Cześć dziewczyny- ja przewciwnie jak się położyłam o 18:30 bo mąż mał kompa po 19 przekazać to około 21 się przebudziłam. Przebrałam i poszłam spać dalej. Muszę się pochwalić- nie wstałam ani razu, wczoraj też :) ale miło położyć się wieczorem i rano wstać.Już zabieram się do czytania.Miłego cieplutkiego dnia życzę
 
witam
ja tez nie wstalam ani razu w nocy :)
krakowianko- mega gratulecje i super ze wszystko ok. Stas piekne imie tez chcialam Stasia ale mojemu mezowi sie nie podoba- ale moze go jeszcze przekonam :)
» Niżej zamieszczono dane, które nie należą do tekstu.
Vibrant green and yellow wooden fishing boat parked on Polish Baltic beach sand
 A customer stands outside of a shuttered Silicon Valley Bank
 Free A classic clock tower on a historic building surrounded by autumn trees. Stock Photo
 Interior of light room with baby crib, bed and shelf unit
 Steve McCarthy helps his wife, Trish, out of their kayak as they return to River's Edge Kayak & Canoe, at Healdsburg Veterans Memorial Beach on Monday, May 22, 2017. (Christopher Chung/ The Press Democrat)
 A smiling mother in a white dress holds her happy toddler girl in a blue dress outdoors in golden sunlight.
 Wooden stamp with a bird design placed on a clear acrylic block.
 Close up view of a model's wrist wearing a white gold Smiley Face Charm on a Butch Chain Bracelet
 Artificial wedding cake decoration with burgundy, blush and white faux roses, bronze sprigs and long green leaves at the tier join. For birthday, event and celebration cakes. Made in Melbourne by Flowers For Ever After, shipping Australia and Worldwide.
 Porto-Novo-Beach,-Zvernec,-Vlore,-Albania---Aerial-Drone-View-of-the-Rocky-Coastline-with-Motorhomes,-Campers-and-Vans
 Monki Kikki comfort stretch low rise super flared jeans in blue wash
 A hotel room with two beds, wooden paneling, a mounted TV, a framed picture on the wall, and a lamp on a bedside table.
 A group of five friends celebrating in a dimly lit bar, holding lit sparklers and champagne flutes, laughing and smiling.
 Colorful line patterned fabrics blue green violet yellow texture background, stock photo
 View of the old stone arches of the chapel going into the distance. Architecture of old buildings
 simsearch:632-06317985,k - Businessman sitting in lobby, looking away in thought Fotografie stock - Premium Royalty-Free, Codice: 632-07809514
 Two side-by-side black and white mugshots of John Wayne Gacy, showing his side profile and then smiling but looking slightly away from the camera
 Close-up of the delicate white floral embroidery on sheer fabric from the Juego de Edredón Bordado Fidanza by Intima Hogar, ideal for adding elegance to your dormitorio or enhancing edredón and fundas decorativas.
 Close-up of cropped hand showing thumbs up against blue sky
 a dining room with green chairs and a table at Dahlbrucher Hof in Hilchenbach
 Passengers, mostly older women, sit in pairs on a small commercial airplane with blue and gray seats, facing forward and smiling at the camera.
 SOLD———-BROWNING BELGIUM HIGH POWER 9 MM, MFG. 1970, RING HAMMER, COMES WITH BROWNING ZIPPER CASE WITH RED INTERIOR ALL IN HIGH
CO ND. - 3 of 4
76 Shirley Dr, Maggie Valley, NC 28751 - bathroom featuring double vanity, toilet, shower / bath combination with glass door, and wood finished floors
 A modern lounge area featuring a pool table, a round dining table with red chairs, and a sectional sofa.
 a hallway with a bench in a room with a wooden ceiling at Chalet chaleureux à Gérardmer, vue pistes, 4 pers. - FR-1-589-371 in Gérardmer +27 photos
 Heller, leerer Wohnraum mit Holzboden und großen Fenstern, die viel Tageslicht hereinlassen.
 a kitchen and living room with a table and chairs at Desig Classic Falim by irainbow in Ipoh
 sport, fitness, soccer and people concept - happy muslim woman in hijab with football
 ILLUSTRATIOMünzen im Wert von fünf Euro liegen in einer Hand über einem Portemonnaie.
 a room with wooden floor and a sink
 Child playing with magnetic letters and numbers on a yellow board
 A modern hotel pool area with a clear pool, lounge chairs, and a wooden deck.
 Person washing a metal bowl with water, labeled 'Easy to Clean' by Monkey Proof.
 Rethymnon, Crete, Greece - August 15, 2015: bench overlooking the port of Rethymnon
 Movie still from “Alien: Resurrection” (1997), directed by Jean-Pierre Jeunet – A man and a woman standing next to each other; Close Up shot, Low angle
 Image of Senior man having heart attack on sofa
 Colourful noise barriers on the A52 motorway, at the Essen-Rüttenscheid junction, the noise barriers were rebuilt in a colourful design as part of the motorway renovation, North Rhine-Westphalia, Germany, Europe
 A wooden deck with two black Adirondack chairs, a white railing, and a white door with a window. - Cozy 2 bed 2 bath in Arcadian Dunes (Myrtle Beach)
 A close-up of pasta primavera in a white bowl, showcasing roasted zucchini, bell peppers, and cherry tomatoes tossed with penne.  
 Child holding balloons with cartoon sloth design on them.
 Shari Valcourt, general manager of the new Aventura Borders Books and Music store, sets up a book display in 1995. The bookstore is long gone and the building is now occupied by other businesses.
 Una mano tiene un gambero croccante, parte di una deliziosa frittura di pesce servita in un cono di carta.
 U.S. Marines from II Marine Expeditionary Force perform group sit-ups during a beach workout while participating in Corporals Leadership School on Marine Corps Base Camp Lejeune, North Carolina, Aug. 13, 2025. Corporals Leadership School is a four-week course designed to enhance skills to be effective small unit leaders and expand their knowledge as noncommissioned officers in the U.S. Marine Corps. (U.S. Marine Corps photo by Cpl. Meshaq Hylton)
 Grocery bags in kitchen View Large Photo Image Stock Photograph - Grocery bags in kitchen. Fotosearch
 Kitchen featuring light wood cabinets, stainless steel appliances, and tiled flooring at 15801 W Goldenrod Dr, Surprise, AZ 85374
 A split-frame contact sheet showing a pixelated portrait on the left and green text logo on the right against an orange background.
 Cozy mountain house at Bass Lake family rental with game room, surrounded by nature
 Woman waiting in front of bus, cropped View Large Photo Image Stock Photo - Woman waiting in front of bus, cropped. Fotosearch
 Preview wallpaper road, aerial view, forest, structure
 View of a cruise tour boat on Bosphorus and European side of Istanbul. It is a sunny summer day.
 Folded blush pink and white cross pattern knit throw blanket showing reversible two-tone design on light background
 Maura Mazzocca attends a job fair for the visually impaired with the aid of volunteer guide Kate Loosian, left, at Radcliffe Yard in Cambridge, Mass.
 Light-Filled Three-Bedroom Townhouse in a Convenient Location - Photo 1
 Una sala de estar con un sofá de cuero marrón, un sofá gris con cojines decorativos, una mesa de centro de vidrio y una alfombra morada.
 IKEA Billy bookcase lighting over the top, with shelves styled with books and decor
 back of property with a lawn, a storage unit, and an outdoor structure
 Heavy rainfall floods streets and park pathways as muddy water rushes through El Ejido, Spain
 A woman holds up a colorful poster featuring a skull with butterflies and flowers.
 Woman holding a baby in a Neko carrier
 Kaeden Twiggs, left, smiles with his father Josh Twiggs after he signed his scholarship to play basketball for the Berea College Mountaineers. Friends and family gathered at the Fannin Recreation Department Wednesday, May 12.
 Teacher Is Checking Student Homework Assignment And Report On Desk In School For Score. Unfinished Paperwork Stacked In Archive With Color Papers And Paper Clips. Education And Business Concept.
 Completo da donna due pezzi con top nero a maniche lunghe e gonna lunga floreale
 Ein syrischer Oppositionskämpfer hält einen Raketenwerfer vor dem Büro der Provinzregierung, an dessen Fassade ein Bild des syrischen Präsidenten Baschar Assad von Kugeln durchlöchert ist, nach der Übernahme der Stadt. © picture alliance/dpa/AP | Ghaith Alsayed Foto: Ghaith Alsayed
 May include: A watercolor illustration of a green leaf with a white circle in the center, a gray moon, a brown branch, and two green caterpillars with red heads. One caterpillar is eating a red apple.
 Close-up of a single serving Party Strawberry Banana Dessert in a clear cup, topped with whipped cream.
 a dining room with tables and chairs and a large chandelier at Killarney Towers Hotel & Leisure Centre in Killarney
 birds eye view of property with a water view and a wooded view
no to lece do tego dentysty :(, potem do gin- dala mi wczoraj niechcacy wyniki cytologii wszystkich pacjentek z przychodni i musze oddac a potem do reala kupic jakis prezent nowonarodzonemu dziecku meza szefa ( bo ja sie na tym znam :( ) no ale dobrze ze juz piatek i moze troszke odpoczne jutro
 
Hey Hey
mój kudłaty futrzany kot mnie obudził, miałczał jak oszalały, jakbym go głodziła - taaaaki głodny. Czyżby mnie przygotowywał i szkolił przed wstawaniem do dzidziusia;-)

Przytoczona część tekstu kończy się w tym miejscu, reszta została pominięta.